The study found boys who played games had a higher grade point average, were less likely to smoke cigarettes or Mary Jane, and were also less likely to participate in underage drinking. Around 5 percent of teens studied were found to engage in compulsive behavior patterns such as: using gaming as the only way to relieve tension, harboring , potent urges to play a game, or trying to cut back on gaming and failing.

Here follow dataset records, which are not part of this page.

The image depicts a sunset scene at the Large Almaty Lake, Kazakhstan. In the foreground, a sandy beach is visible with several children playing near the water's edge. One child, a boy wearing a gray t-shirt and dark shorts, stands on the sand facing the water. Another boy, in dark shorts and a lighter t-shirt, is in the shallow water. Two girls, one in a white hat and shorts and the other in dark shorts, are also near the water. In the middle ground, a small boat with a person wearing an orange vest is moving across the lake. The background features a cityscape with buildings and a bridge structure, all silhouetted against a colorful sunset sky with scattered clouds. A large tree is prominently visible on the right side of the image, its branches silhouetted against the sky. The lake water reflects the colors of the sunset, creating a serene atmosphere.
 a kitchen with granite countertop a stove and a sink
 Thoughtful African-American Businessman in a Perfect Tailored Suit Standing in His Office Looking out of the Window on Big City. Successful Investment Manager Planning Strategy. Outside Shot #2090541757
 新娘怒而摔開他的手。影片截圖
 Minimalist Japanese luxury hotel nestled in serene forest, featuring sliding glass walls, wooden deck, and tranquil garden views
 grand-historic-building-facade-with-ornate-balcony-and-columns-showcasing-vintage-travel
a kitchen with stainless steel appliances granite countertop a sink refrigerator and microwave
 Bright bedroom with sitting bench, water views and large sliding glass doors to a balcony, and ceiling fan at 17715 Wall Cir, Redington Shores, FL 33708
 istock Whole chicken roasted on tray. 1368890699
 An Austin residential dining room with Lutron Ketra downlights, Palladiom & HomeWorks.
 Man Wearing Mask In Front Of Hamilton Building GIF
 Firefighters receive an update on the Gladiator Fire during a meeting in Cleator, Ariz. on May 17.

However, the study found that girls polled were more likely to carry a weapon onto school ground or get in fights more often, but it had nothing to do with the games making the girls act this way, as they were already aggressive and thus more attracted to violent games.
“The study suggests that, in and of itself, gaming does not appear to be dangerous to kids,” said Desai. “We found virtually no association between gaming and negative health behaviors, particularly in boys. However, a small but not insignificant portion of kids find themselves unable to control their gaming. That’s cause for concern because that inability is associated with a lot of other problem behaviors.”
“This study shows that, for the vast majority of children, video games are pretty harmless,” said Christopher J. Ferguson, an assistant professor of clinical and forensic psychology at Texas A&M, who noted that “problem gaming may be part of a constellation of unhealthy behaviors” and “if a child can’t turn off the games after a reasonable amount of time, isn’t doing homework, isn’t socializing with other kids — all [of that] can be signs of a problem that may need to be addressed.”
“The study suggests that, in and of itself, gaming does not appear to be dangerous to kids,” added study author Rani Desai, an associate professor of psychiatry and public health at the Yale University School of Medicine. “We found virtually no association between gaming and negative health behaviors, particularly in boys. However, a small but not insignificant proportion of kids find themselves unable to control their gaming.
“That’s cause for concern because that inability is associated with a lot of other problem behaviors.”